Die Nothing ear (1) stechen aus der Masse aktueller In-Ear-Kopfhörer hervor. Dafür braucht es nicht die innovativsten Funktionen, die kein Mitbewerber bietet, sondern ein Design, das vor allem Tech-Enthusiasten anspricht, und ein überzeugendes Preis-Leistungs-Verhältnis. Das Gesamtpaket der Nothing ear (1) überzeugt angesichts des Preises von nur 99 Euro.

Dabei sind die ear (1) nicht in jeder Hinsicht vollends überzeugend. Der Klang ist gut, lässt aber Schwächen bei den Höhen erkennen und legt mehr Fokus auf den Bass, als Nothing im Vorfeld suggeriert hat. Mit aktuellen, hochpreisigen In-Ear-Kopfhörern der 300-Euro-Preisklasse können die ear (1) klanglich nicht mithalten. Gleiches gilt für das ANC, dessen Effektivität ein gutes Stück von den führenden Modellen entfernt ist. Die App bietet zwar einen Equalizer und eine Anpassung der Bedienung, in beiden Fällen aber nur sehr eingeschränkte Optionen – als Equalizer dienen vier Profile, eine manuelle Anpassung ist nicht möglich und die Steuerung kann nur stark eingeschränkt angepasst werden. Das automatische Pausieren reagiert im Alltag etwas träge. Hier zeigt sich erneut, dass zusätzliche Infrarotsensoren in den Ohrhörern zuverlässiger sind.

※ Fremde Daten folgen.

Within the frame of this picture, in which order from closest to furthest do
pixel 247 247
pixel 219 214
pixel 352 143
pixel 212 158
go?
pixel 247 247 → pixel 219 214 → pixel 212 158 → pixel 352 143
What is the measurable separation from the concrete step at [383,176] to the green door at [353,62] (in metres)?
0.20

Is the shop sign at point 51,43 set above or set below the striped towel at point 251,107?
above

Die ear (1) tragen sich im Alltag sehr angenehm und ähnlich wie die AirPods Pro. Die passive Isolierung ist beim Tester sehr gut. Die Steuerung ist frei von Fehleingaben und die Möglichkeit, die Lautstärke über Wischgesten anzupassen, ein guter Zusatz, den bei Weitem nicht alle kabellosen In-Ears bieten. Die Akkulaufzeit könnte gerade mit ANC länger ausfallen, ist je nach Nutzung im Alltag aber unproblematisch. Mit Wireless Charging bieten die ear (1) eine in dieser Preisklasse noch nicht selbstverständliche Eigenschaft, auf Extras wie Multipoint oder einen HD-Codec muss aber verzichtet werden.

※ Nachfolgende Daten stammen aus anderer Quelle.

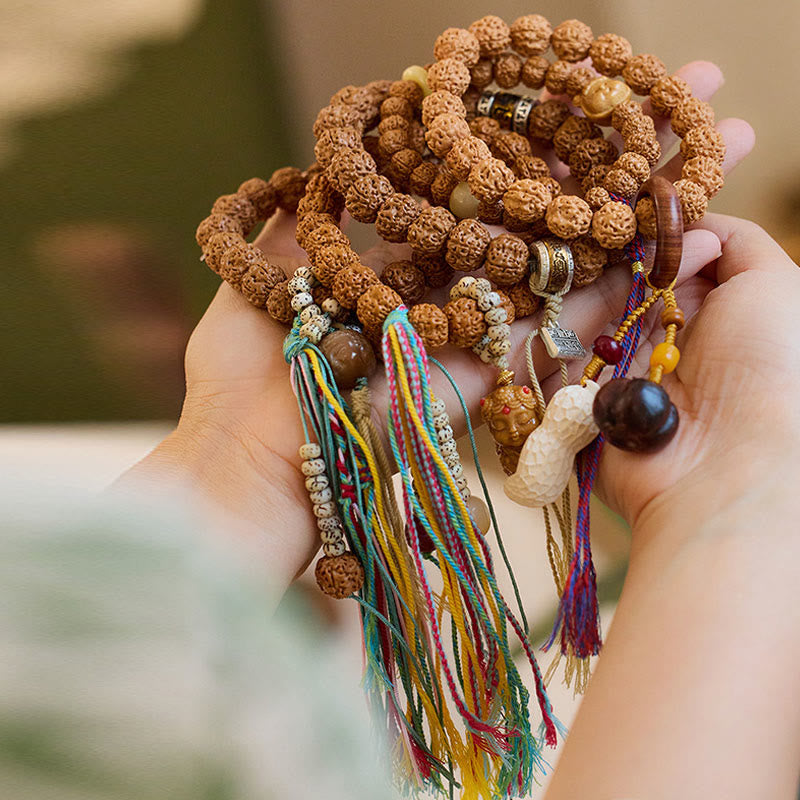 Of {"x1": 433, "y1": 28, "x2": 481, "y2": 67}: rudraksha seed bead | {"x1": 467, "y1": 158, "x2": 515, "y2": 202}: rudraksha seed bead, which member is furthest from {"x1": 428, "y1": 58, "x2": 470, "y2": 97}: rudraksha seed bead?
{"x1": 467, "y1": 158, "x2": 515, "y2": 202}: rudraksha seed bead

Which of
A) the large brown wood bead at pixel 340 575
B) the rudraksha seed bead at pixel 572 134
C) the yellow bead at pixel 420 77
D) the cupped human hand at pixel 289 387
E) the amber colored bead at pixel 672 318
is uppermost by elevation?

Probleme mit einem immer wieder ungewollt aktivierten Transparenzmodus und dem kurzen Umschalten des ANCs muss Nothing mit dem Marktstart schnell in den Griff bekommen, denn dies trübt die Musikwiedergabe aktuell noch etwas.

Fraglich ist, wie das transparente Design und der verwendete Kleber auf starke UV-Einstrahlung reagieren. Dass das Ladecase nicht lange sein makelloses Äußeres behalten wird, zeigt sich schon wenige Tage nach dem Beginn des Tests, da die Unterseite bereits viele kleine, sichtbare Kratzer aufweist.

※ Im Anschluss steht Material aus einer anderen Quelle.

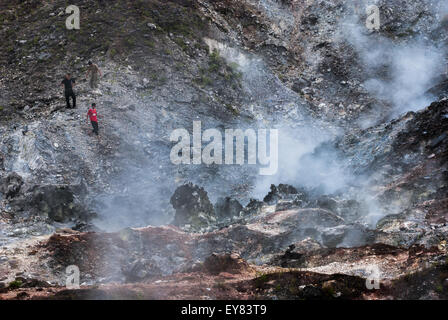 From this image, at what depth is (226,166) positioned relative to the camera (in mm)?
17375

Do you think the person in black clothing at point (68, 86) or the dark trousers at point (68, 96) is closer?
the person in black clothing at point (68, 86)

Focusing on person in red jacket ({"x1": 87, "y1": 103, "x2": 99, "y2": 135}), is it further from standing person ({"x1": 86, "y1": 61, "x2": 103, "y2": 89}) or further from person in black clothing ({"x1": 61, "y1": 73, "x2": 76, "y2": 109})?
standing person ({"x1": 86, "y1": 61, "x2": 103, "y2": 89})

Wer gute kabellose In-Ears für den Alltag sucht und bewusst keine 200 oder 300 Euro ausgeben möchte, erhält mit den Nothing ear (1) ein Modell, das sich von der Masse abhebt und ein gutes Preis-Leistungs-Verhältnis bietet. Seit 17. August können die In-Ears für 100 Euro bestellt werden, die Lieferung dauert aktuell jedoch zwei bis vier Wochen. Wer es ohnehin nicht eilig hat, sollte zudem auf Firmware-Updates warten, die die letzten Probleme lösen.

Nothing Ear (1)
20.08.2021
  • Guter Klang
  • Auto-Play und Auto-Pause
  • Sehr gute Einzelnutzung
  • Schnellladen & Wireless Charging
  • Sehr angenehmes Tragegefühl
  • Bedienung nicht frei anpassbar
  • Nur vier feste Equalizer-Profile
  • Ungewollte Aktivierung des Transparenzmodus
  • Auto-Pause manchmal träge

ComputerBase hat die ear (1) leihweise von Nothing zum Testen erhalten. Eine Einflussnahme des Herstellers auf den Testbericht fand nicht statt, eine Verpflichtung zur Veröffentlichung bestand nicht. Es gab kein NDA.